Ken just wants to build a house
BOONOOROO battler Ken Rodger was shocked when he learned he had to pay $321 to the council’s town planning department to get a preliminary approval to get a building approval to build a house on a Tuan residential estate.
But by the time Mr Rodger goes through all the council and State Government processes to get his modest home up on a half-acre block, he may find himself $2000 to $3000 lighter and suffering from a severe stress headache.
“The Fraser Coast is under a mish mash, a nightmare of rules, regulations and legislation that govern where you can build and what you can build and it’s bogging down council’s planning department in domestic nonsense when they need to be able to concentrate on bigger projects,” private certifier Shane Macklin said.
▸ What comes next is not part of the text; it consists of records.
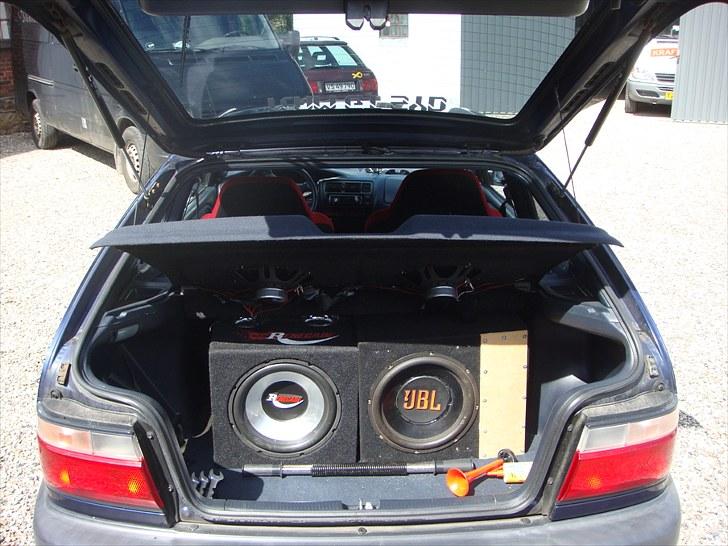 Toyota corolla  xli TiLG SALG. billede 9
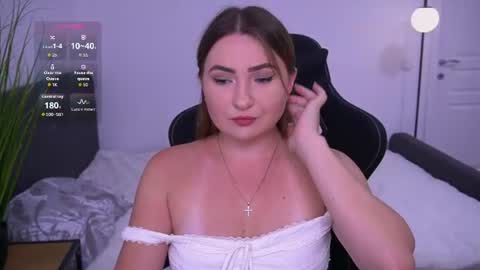 Snapshot of tianna_me chatting on August 7, 11:45 am tianna_me online show from August 7, 11:45 am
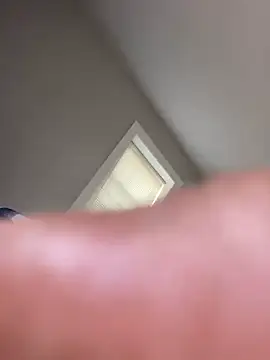 ChiRaqb8 online show from 5, 10, 2025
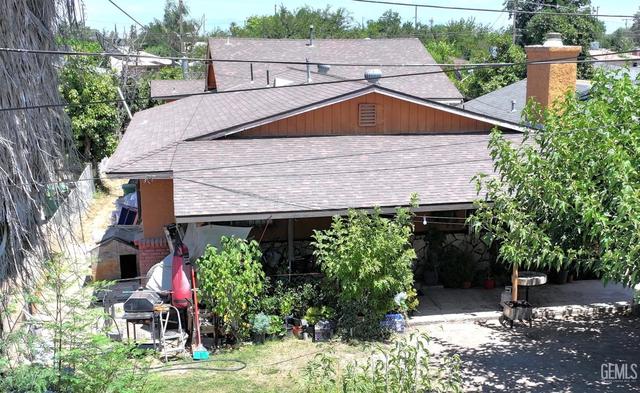 2102 Norwalk St, Delano, CA 93215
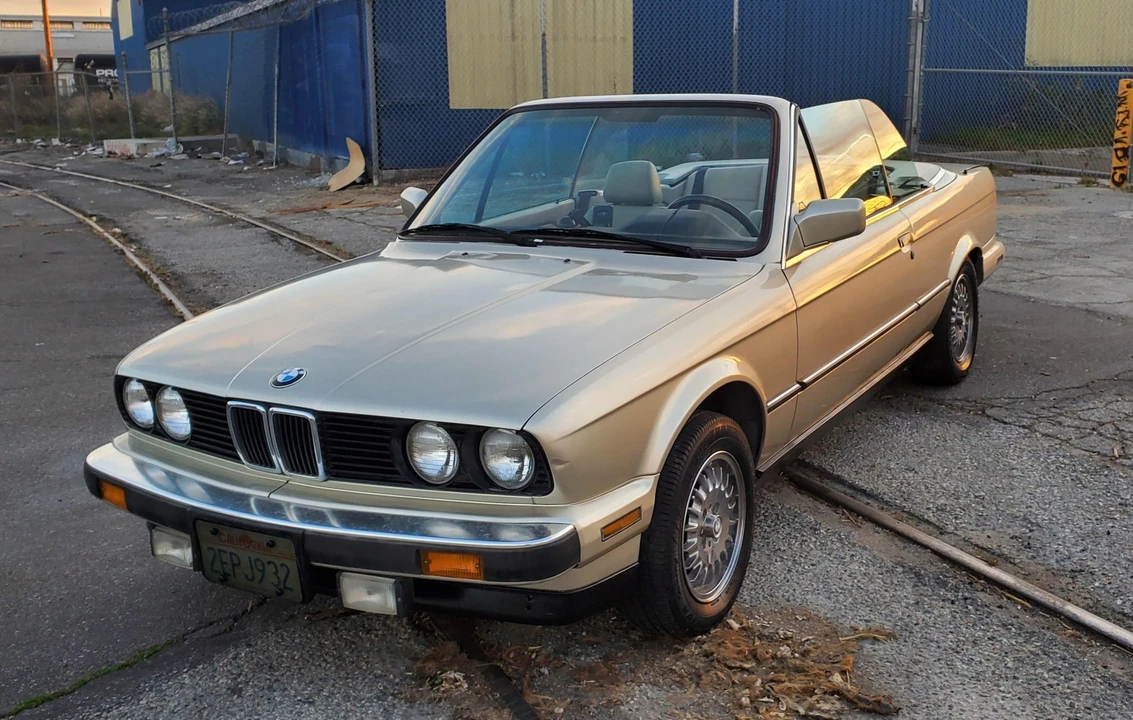 1987 BMW E30 3 Series - Image 13 of 31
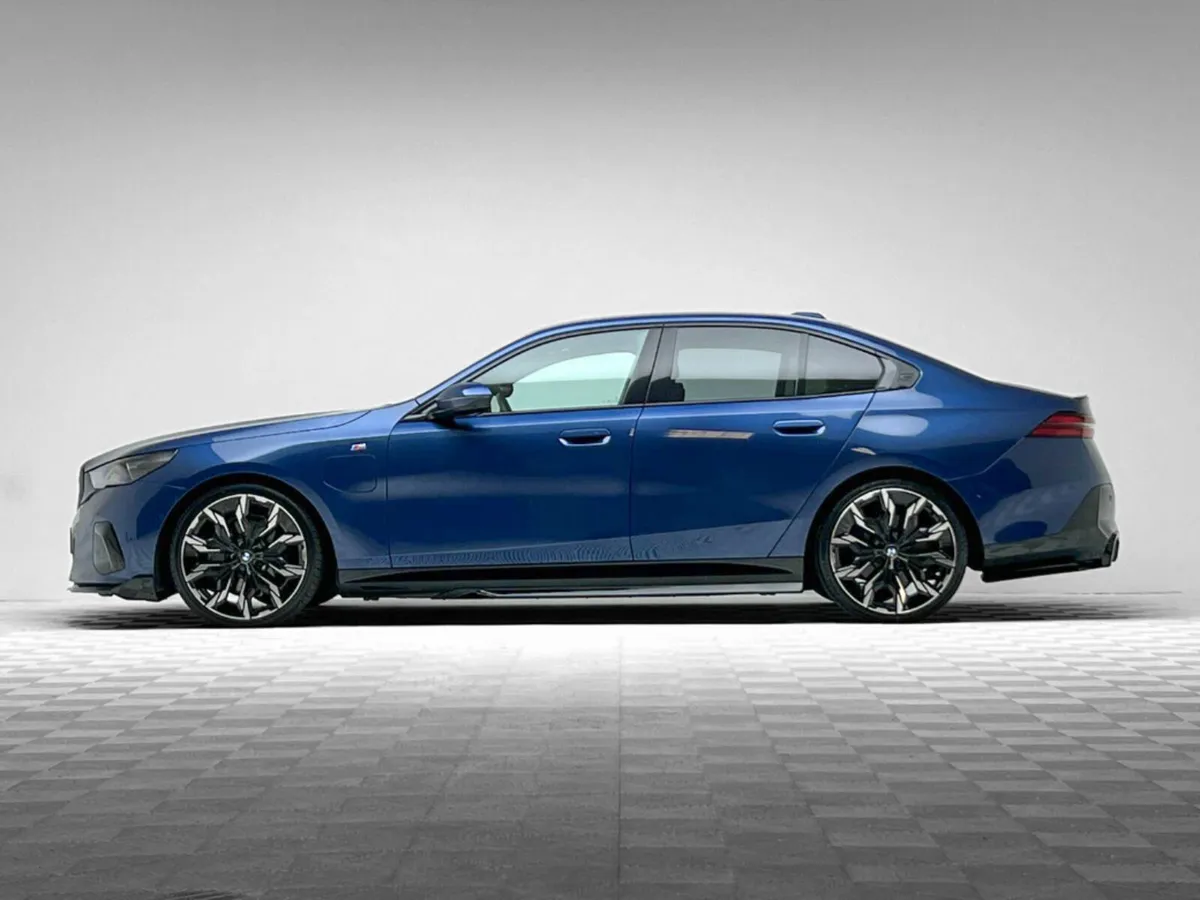 BMW 5-Series 530E M SPORT PRO - Image 4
“I’ve been in this business more than 20 years and the job is getting more and more complicated and more and more demanding. I’m spending 50 per cent of my day on bureaucracy, paperwork and planning requirements instead of on the buildings I certify.”
Mr Macklin emphasises the myriad planning processes for residential structures are not the fault of the council but rather down to the state’s new Sustainable Planning Act’s teething problems in fitting in with council regulations and codes.
“One of the problems we have here is the council is still operating off the four old shire planning processes while it works to bring out a new planning scheme to cover the entire region.”
But Mr Rodger doesn’t care about the overload of planning process variables.
“Why should I have to pay $321 to town planning to get permission to get a permit from their building department to build a house in a council-approved residential estate?
“And then the council tells me I’ll have to wait 20 to 40 working days for the first permit.
“This is absolutely ludicrous. I see it as just another way to rip $321 off me.
“I’ve emailed the premier because this so-called smart state is going backwards at a million miles an hour.
“And at the local level our rates have gone up and our services down.”
Mr Macklin said every domestic building application had to be treated individually because of block and house sizes, “old” council planning schemes, the new state legislation and existing State Government overlays.